A total of 805 BC4F2 plants were genotyped using eight SSR markers to construct a small-scale linkage map. Among these molecular markers, four were new SSRs developed in our laboratory. The 805 BC4F2 plants were classified according to their measured phenotypic performance as one of two types: slender-grain rice, such as IR24 or CSSL28, or wide-grain rice, such as Asominori. On the basis of the segregation of grain width within the 805 BC4F3 families, the BC4F2 population was further partitioned into three groups: slender plants (genotype GW5GW5), slender-wide plants with segregation (genotype GW5gw5) and wide-grain individuals without segregation (genotype gw5gw5). To combine the molecular marker data with the GW5 gene, small-scale genetic mapping of the GW5 gene was performed using the program Mapmaker/Exp 3.0.

High-resolution mapping

For high-resolution mapping of the GW5 gene, the bulked-extreme and recessive-class approach was used to calculate the recombination frequencies (c) between the GW5 gene, the five newly developed CAPS and the two Indel markers in the 2 180 homozygous wide-grain BC4F2 plants. Thus, c=(N1+N2/2)/N, where N is the total number of wide-grain plants surveyed, N1 is the number of wide-grain individuals with the banding pattern of the slender-grain parent and N2 is the number of wide-grain plants with heterozygous banding patterns 45.

mRNA isolation and RT-PCR

Total RNA was extracted from the young spike rice IR24 (narrow-grain line) about 5 days before heading, using an RNA prep pure Plant Kit (Tiangen Biotech Co., Ltd). The mRNA was then further purified using PolyATtract® mRNA isolation systems (Promega Corporation), according to the manufacturer's instructions. First-strand cDNA was synthesized using a PrimeScriptTM RT-PCR Kit (TaKaRa Biotechnology Co., Ltd). RT-PCR was carried out using the first-strand cDNA as the template with the primers F6 (5′-AGA CGG AGG AGG AGG AAC GGG CGG CCA GTG-3′) and either R2 (5′-TCG ATC CTA TTT TTC GAG CTG TTT GGG TAG-3′) or R3 (5′-GAA TAT TCT TCC CAG ATC CAG GAC GAG G-3′). The PCR products were cloned into the pMD18-T vector and sequenced at the Invitrogen Sequencing Facility.

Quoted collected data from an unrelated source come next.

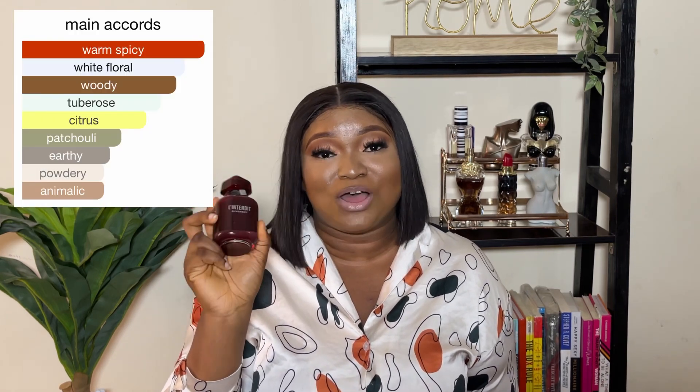This fragrance is a 10 out of 10 for me. I'm going to be doing a video about my best designer fragrances that are 10 out of 10, and this fragrance is one of them. Now let's talk about what this fragrance actually smells like. The main accords of L'Interdit Rouge are warm spicy, white floral, woody, tuberous, citrus, patchouli, earthy, powdery, and animalic.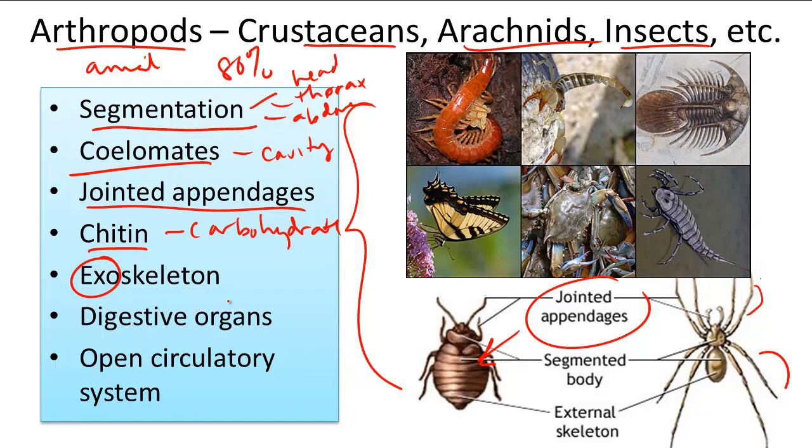Arthropods also have digestive organs and a system closer to that of a human, with distinct organs such as a stomach. And finally, arthropods have an open circulatory system with something called a tubular heart.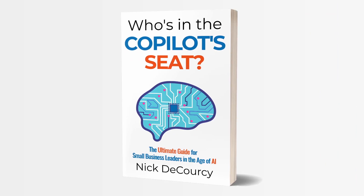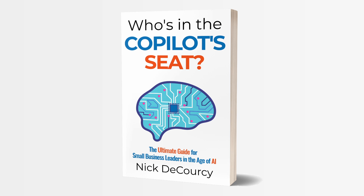My name is Nick DiColci. I'm the owner of Bright Ideas Agency, a digital transformation consulting company focused on the needs of smaller businesses. I'm also the author of Who's in the Copilot Seat, a guidebook for small and medium-sized business leaders on how to adopt AI technology. If you're interested in learning more about working with me or getting a copy of my book, there are links below where you can get more information.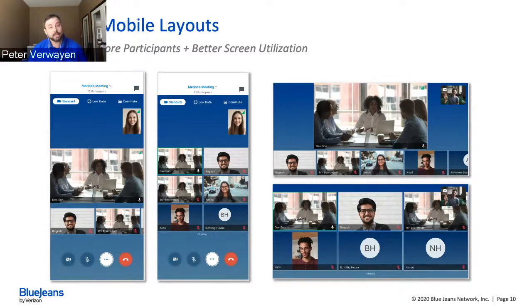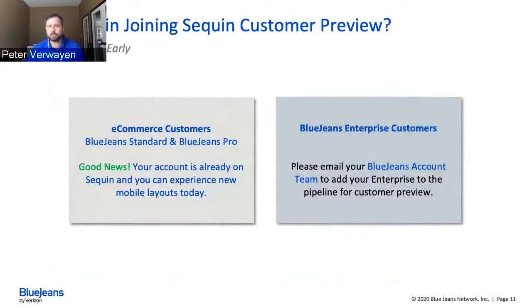If you're a customer who purchased online, you've already been on Sequin since February. For enterprise customers managed more closely through customer success, just reach out to your account manager to join the Sequin beta — we can turn it on for a specified set of users. When the 25-participant layout becomes available later this month or early August, it will automatically be available to you.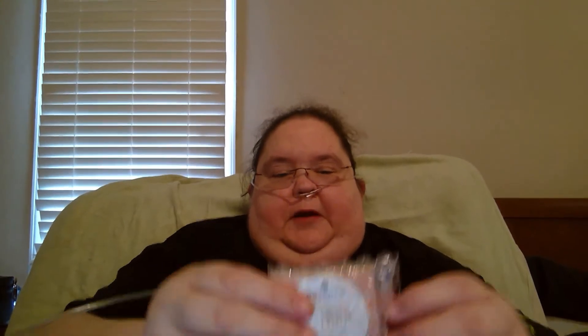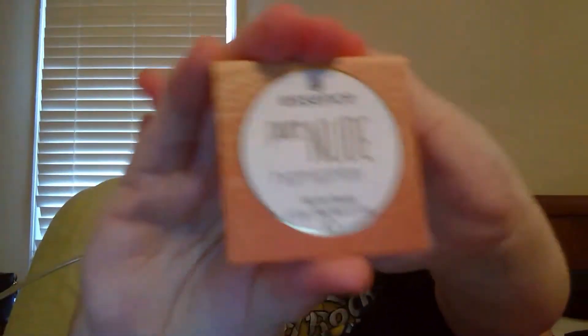The first thing out of the bag is the Essence Cosmetics Pure Nude Highlighter in Popping Champagne. Let me get it out. Oh, that's really pretty! Let me go ahead and swatch that. Wow — I don't know if you can see it on camera, but that is gorgeous in person. Really sparkly.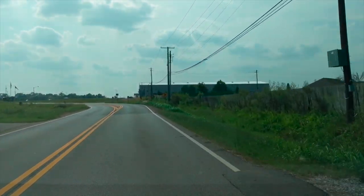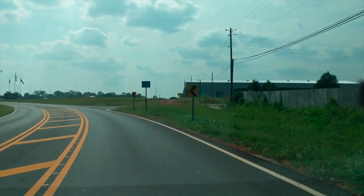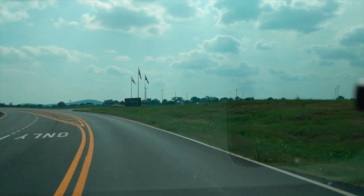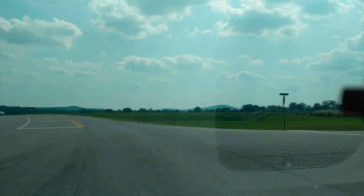Friends, subscribers, internet strangers, what's up? Look out the front windshield. They don't draw days up much nicer than this. It's cloudy and overcast but plenty of sun here in Huntsville, Alabama.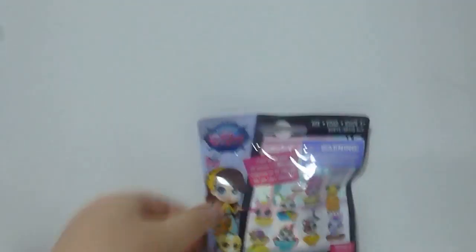Hey everybody, it's Jewel. And Sarah. And today we're going to open this Littles Pet Shop blind bag. This is series three. It has a list on the front with all these pets, and there's 24 to collect. So let's just get right into this.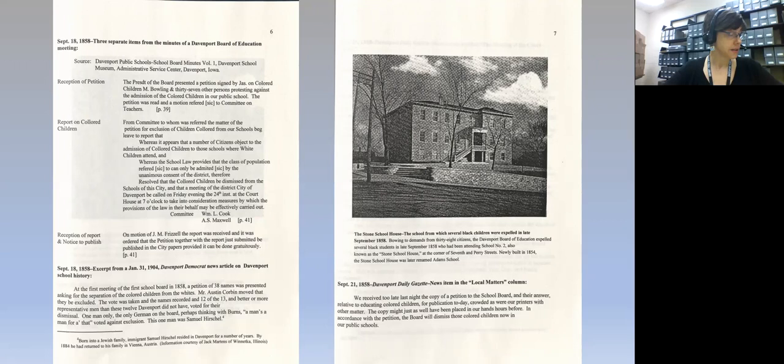He also looked at a particular event for the African American community in Davenport: the colored school controversy. He excerpts some minutes of the Davenport Board of Education meetings, which he obtained from the Davenport School Museum, and also provides us with a photo of what was called then the Stone School House at the corner of 7th and Perry — that was where the colored students were expelled from.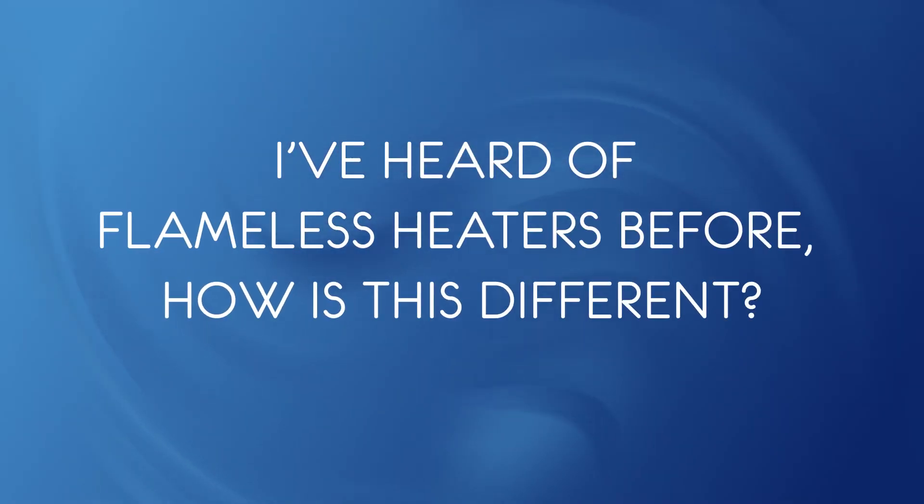I've heard of flameless heaters before. How is this different? You can vary the amount of heat from traditional combustion from the burners and how much staged or dispersed combustion you want depending on project requirements and emissions goals. Additionally, the Exceed system was designed to work with new or existing fired heaters as opposed to previous technology. I estimate there are more than 10,000 heaters in refineries, and more if petrochemical plants are included. Solutions that reduce NOx and CO2 must work with existing assets.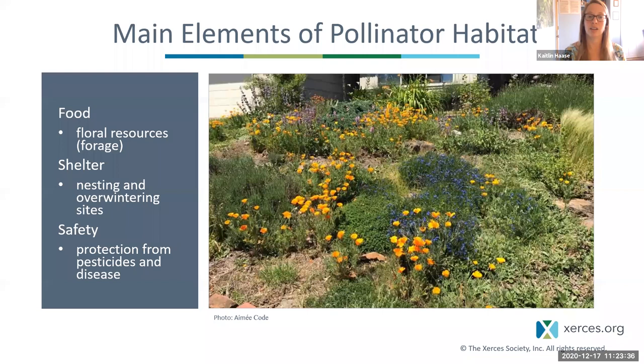To create habitat for pollinators, we need to keep in mind three key things: food in the form of flowers for nectar and pollen and host plants for caterpillars to eat; shelter — nesting and overwintering sites, which can be plants, rocks, or crevices of any natural sort; and safety — protection from pesticides and disease.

Protein sub-cellular localization

To investigate the cellular localization of GW5, the full-length cDNA of GW5 was cloned into the pCAMBIA1302 vector at the NcoI and SpeI sites. The GFP-GW5 fusion gene was driven by the 35S promoter. The control vector pCAMBIA1302 and the GFP-GW5 fusion gene construct were bombarded into onion epidermal cells using a helium ballistics device (Bio-Rad PDS-1000). The samples were examined with a Zeiss LSM510 confocal laser microscope.

Yeast two-hybrid screen

The full-length GW5 coding region was introduced into the pGBKT7 vector at the EcoRI and SalI sites. A BD Matchmaker library construction and screening kit (Clontech Laboratories, Inc.) was used for yeast two-hybrid assays. All protocols were performed according to the manufacturer's user manual. The yeast strain Y187 transformed with pGBKT7-GW5 was mated with the yeast strain AH109 transformed with a rice young spike AD fusion library and the resulting progeny were selected on SD/-Leu/-Trp/-His and SD/-Leu/-Trp/-His/-Ade/X-gal plates.

All selected pGADT7 clones were sequenced at the Invitrogen Sequencing Facility to ensure that the prey proteins were in-frame fusions with the GAL4 AD domain and that the sequences were accurate.

Accession codes

Gene bank: 9311, Exon-trapped, CL971152.

Gene bank: IR24, GW5, DQ991205.

Note

During the preparation of our paper, we noticed a report of a newly identified QTL, qSW5 (a QTL for seed width on chromosome 5), the deletion of which resulted in a significant increase in seed size owing to an increase in cell number in the outer glume of the rice flower. qSW5 was mapped to the same genomic location as GW5. An 11.2-kb genomic fragment from the Kasalath cultivar, covering the GW5 region, restored the slender-grain phenotype in Nipponbare 46. These results further confirm that qSW5 corresponds to GW5.